To have a valid non-lapsing death benefit nomination, you can only nominate your dependants and/or your legal personal representative. Your legal personal representative is the person appointed on your death as the executor or administrator of your estate.

Your dependants are:

  • Your current spouse. This includes the person at your death to whom you are married, in a relationship that is registered under a law of a state or territory, or live with on a genuine domestic basis in a relationship as a couple.
  • Your child. This includes any person who, at your death, is your natural, step, adopted, ex-nuptial or current spouse's child, including a child who was born through artificial conception procedures or under surrogacy arrangements with your current or then spouse. 
  • Any person financially dependent on you. Generally, this is the case if the person receives financial assistance or maintenance from you on a regular basis that the person relies on or is dependent on you to maintain their standard of living at the time of your death.
  • Any person with whom you have an interdependency relationship and includes any person where at your death:
    • You have had a close personal relationship with this person
    • You live together with this person
    • You or this person provides the other with financial support, and
    • You or this person provides the other with domestic support and personal care.

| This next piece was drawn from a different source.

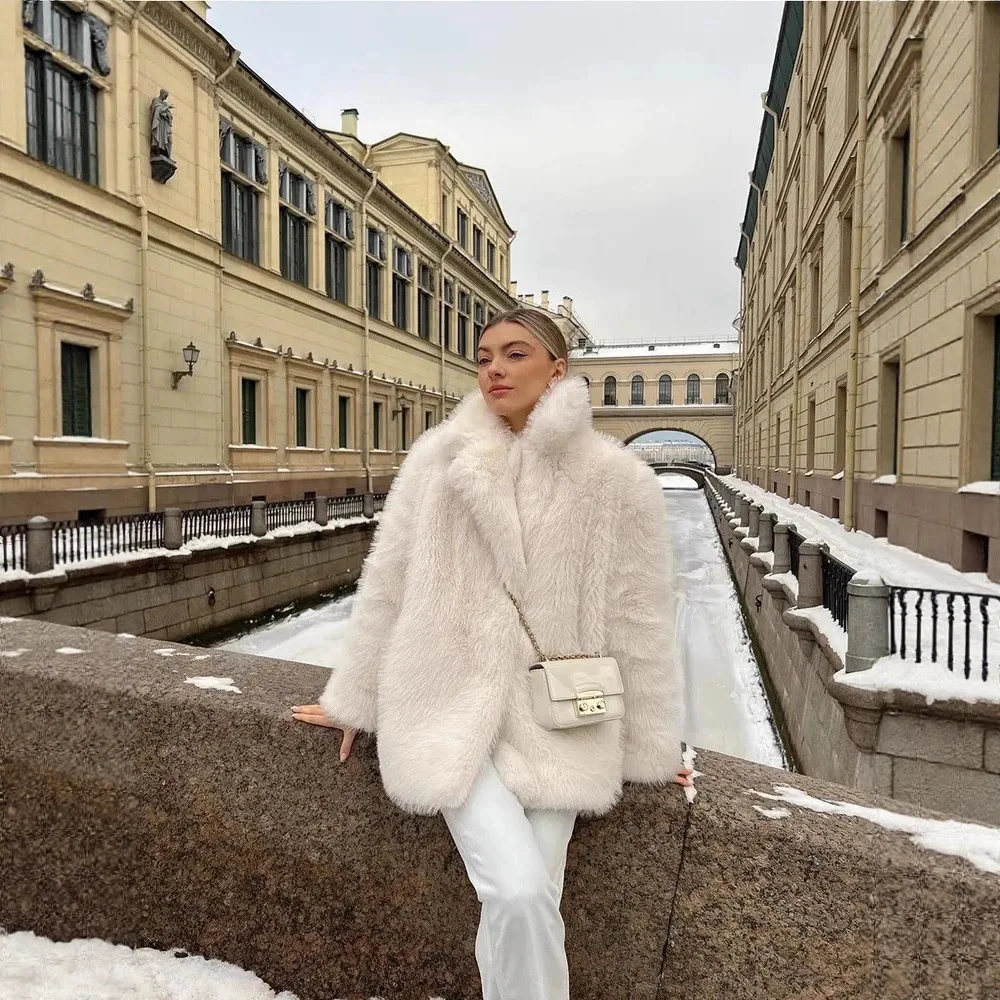 Eco-Friendly  Fur Coat Women's Mid-Length Outerwear Autumn Winter Fake Fur Long Sleeve Belted Waist Design Fashionable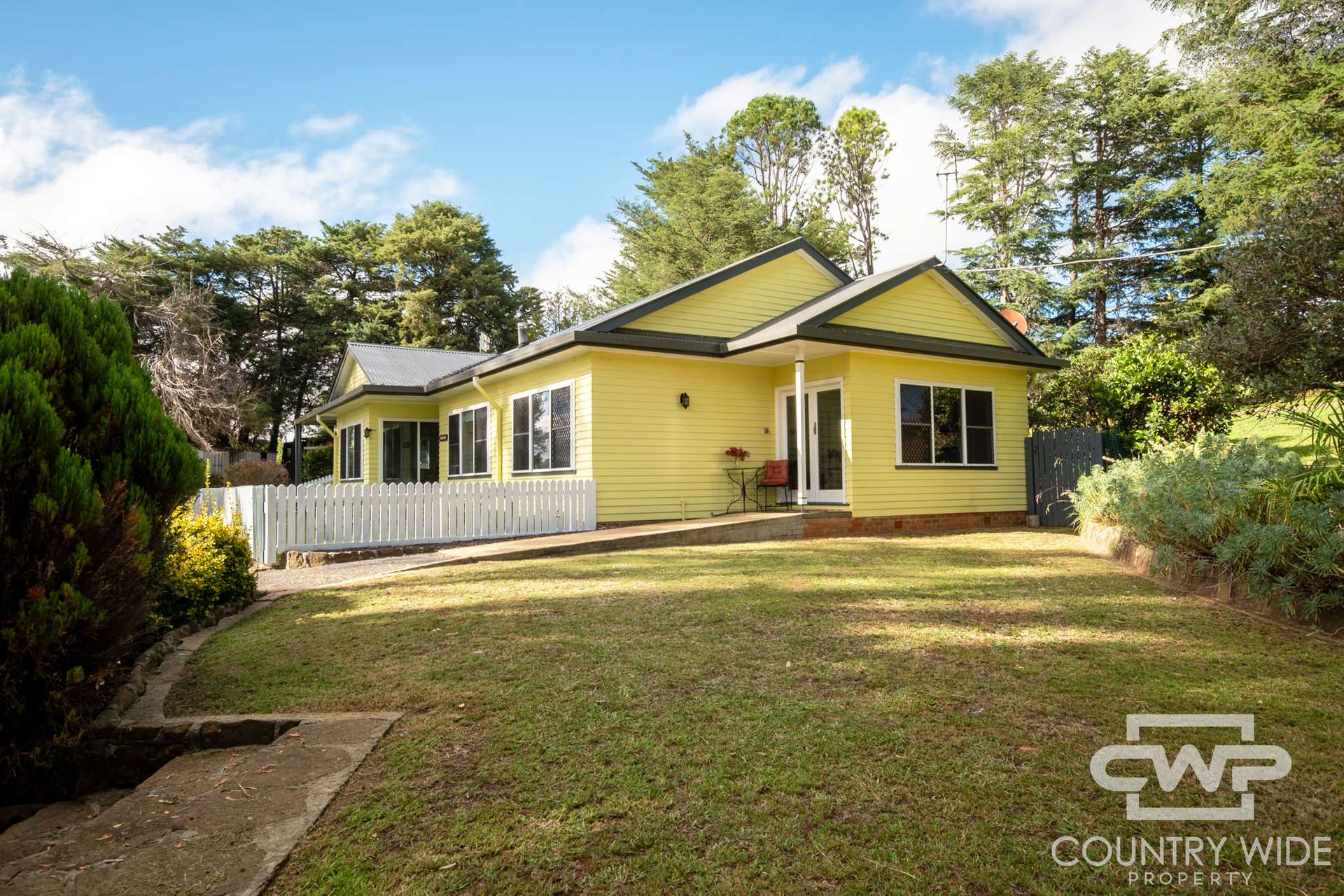 169 Macquarie, Glen Innes For Sale by Farmbuy.com - image 18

An interdependency relationship is not required to meet the last three conditions, if the reason these requirements can not be met is because you or the other person is suffering from a disability. In establishing whether such an interdependency relationship exists, all of the circumstances of the relationship are taken into account, including (where relevant):

  • The duration of the relationship
  • Where or not a sexual relationship exists
  • The ownership, use and acquisition of property
  • The degree of mutual commitment to a shared life
  • The care and support of children
  • The reputation and public aspects of the relationship (such as whether the relationship is publicly acknowledged)
  • The degree of emotional support 
  • The extent to which the relationship is one of mere convenience, and
  • Any evidence suggesting that the parties intended the relationship to be permanent.

 

If you are considering relying on this category of dependency to nominate a person, you should think about completing a statutory declaration addressing these points as evidence of whether such a relationship exists. You should talk to a Robertson Scannell financial adviser for more information.

Please note: If you hold a pension account that has an existing reversionary beneficiary has been evoked.

How is my death benefit paid?

At the time of your death, we will contact the people you have nominated in your non-lapsing death benefit to ensure that they are still a dependant or legal personal representative. We are also generally required to establish the identity of this perosn before paying out your death benefit.

If you have nominated one or more of your dependants, they will be provided the choice of taking their proportion of the death benefit as a lump sum cash payment or, if available, a pension from your Super fund.

Please note, any death benefit paid to your legal personal representative must be paid as a lump sum. Also, from 1 July 2007 if you have nominated a child, the death benefit must be paid to them as a lump sum cash payment unless the child:

  • Is under age 18
  • Is under age 25 and is financially dependent on you, or
  • has a certain type of disability.

If your child's personal circumstances change so that they no longer meet one of these exceptions, we will pay the remaining account balance to them as a lump sum cash payment. Where your child is eligible to receive a death benefit pension, they must generally cash any remaining balance out as a lump sum by age 25, unless they remain disabled.